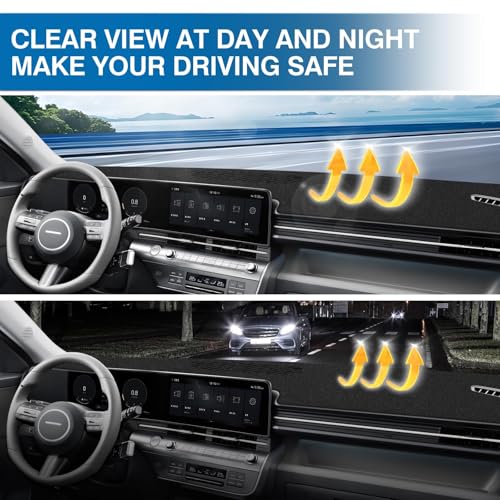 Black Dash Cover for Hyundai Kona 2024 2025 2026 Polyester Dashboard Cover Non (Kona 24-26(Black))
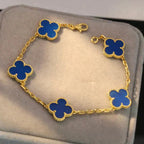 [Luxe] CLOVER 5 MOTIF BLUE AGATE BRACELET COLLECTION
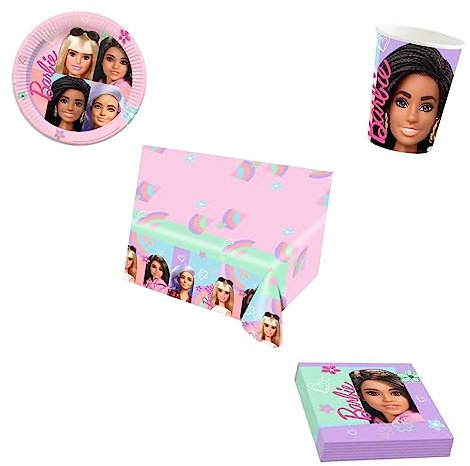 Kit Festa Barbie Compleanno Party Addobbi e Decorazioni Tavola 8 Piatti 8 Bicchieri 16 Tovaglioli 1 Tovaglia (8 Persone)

= WHAT IS BEING ASKED =
Print, exactly and only, the lines running from the line with "[Luxe] CLOVER 5" through the last line of the data, including both. Skip any picture.

= REPLY TO THE EXERCISE =
 [Luxe] CLOVER 5 MOTIF BLUE AGATE BRACELET COLLECTION
 Kit Festa Barbie Compleanno Party Addobbi e Decorazioni Tavola 8 Piatti 8 Bicchieri 16 Tovaglioli 1 Tovaglia (8 Persone)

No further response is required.